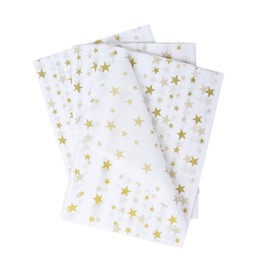 30 Sheets of Tissue Paper 50 x 70 cm, Tissue Paper Packaging Material Wrapping Paper Set for DIY Gift Wrapping Birthday Wedding (Gold Star Pattern)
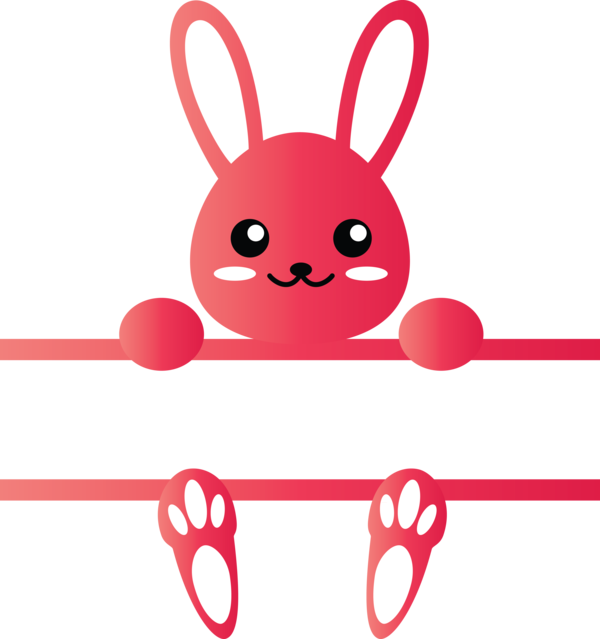 Transparent Easter Pink Red Cartoon for Easter Bunny for Easter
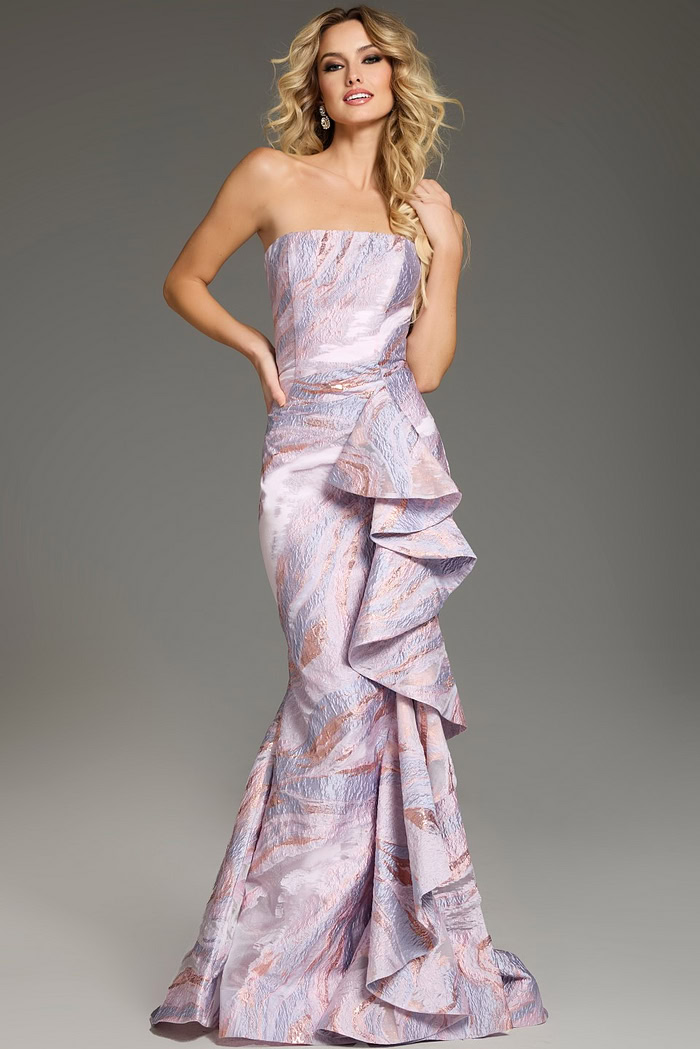 Model showcasing Jovani 31137 pink mermaid gown with side ruffles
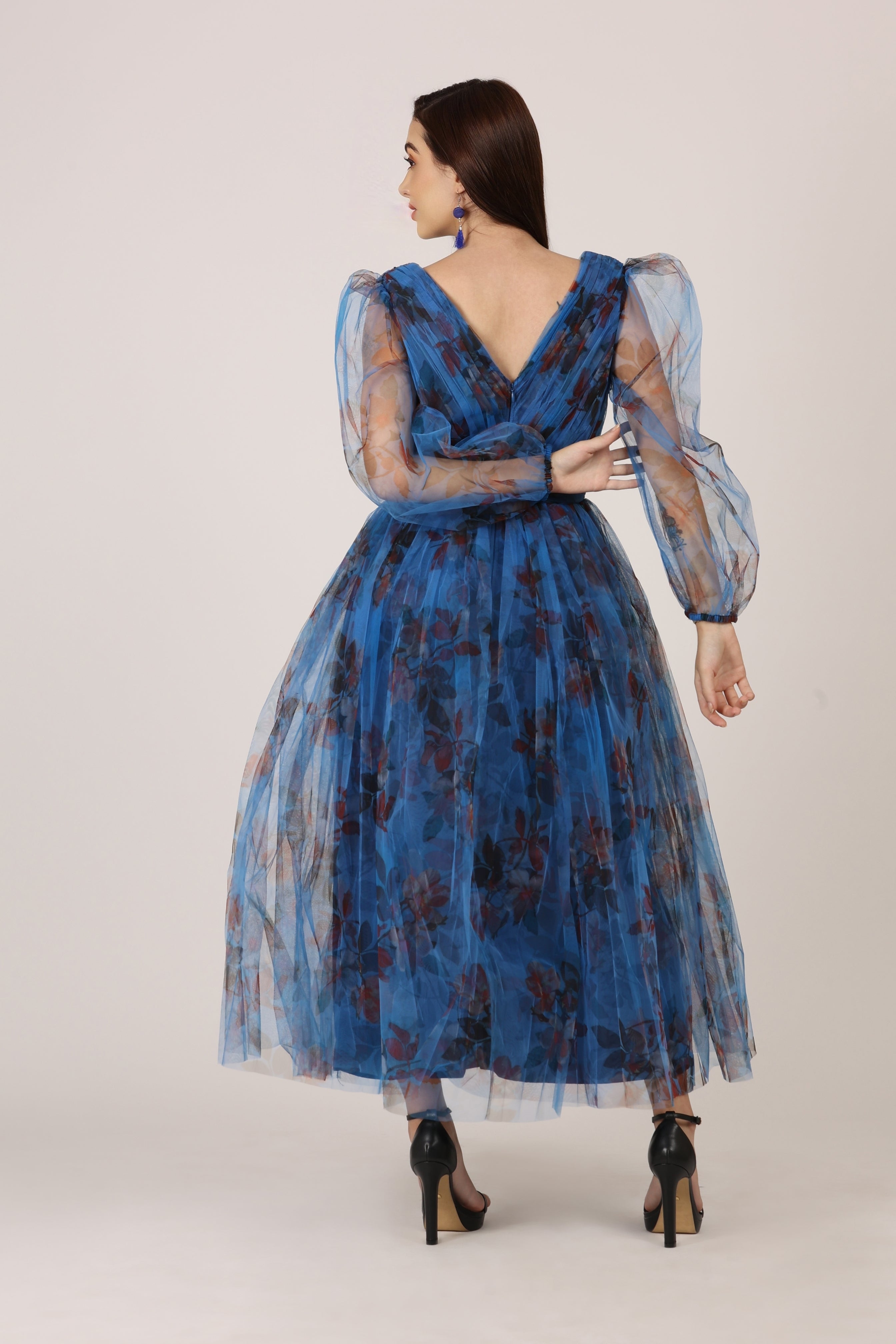 Quincy Midi Dress - Blue Floral Print Women's Casual Dress | Perfect for Spring, Summer, Beach Vacations & Date Nights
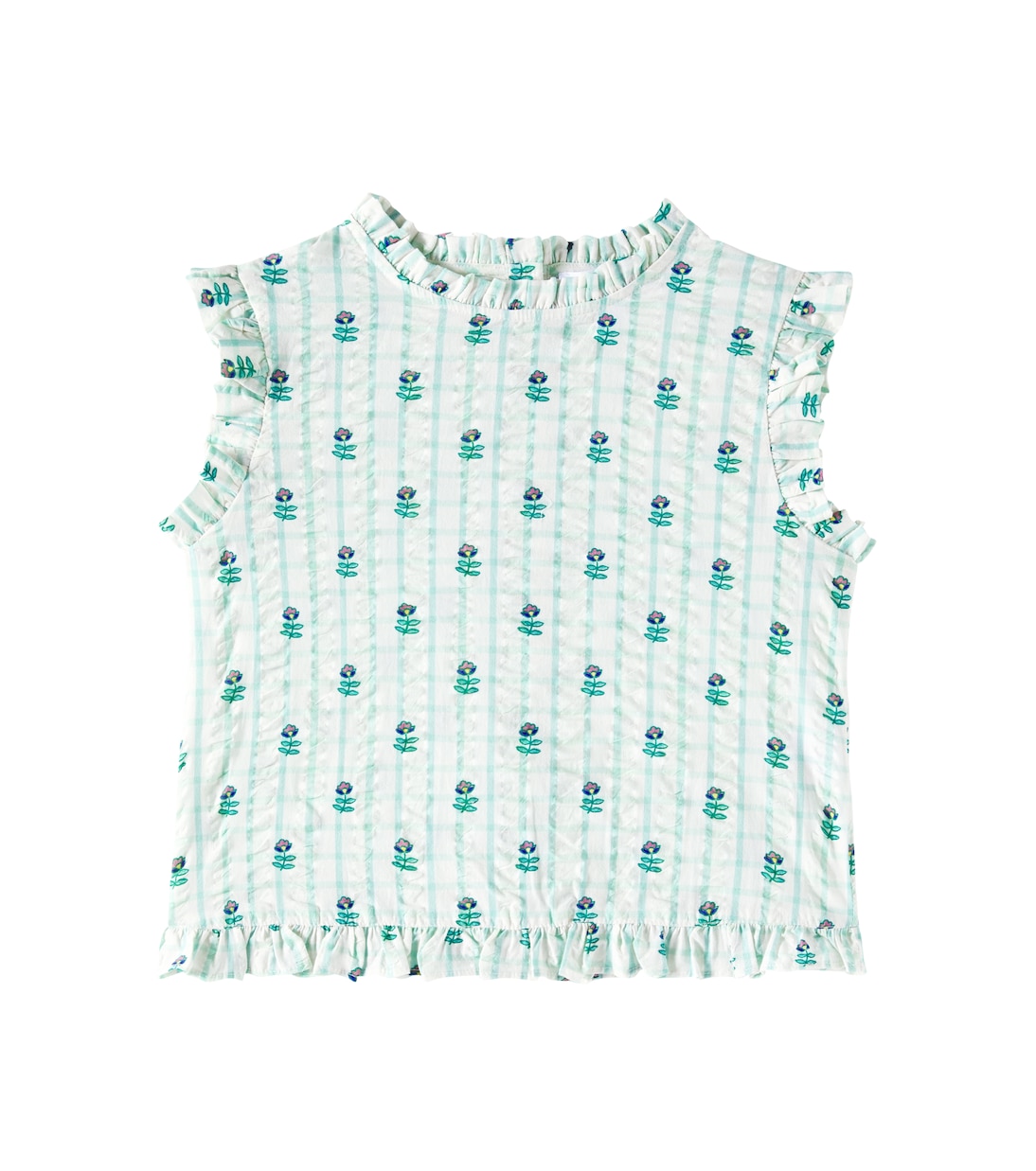 

Хлопковая рубашка Mika в цветочную клетку C'era Una Volta, Green Check Flower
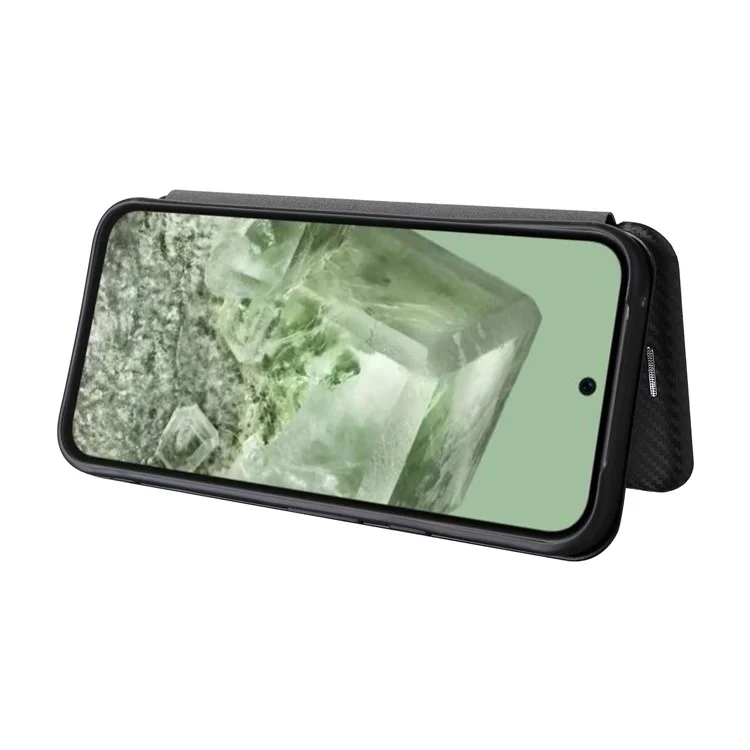For Google Pixel 8a PU Leather Cell Phone Case Card Holder Stand Mobile Phone Cover - Black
□ □ □ □
• [PROBLEM DESCRIPTION]
Keep pictures out and return the lines from the one containing "Model showcasing Jovani" through the end of the listing, both included, character for character.

• [PROBLEM SOLUTION]
 Model showcasing Jovani 31137 pink mermaid gown with side ruffles
 Quincy Midi Dress - Blue Floral Print Women's Casual Dress | Perfect for Spring, Summer, Beach Vacations & Date Nights

Хлопковая рубашка Mika в цветочную клетку C'era Una Volta, Green Check Flower
For Google Pixel 8a PU Leather Cell Phone Case Card Holder Stand Mobile Phone Cover - Black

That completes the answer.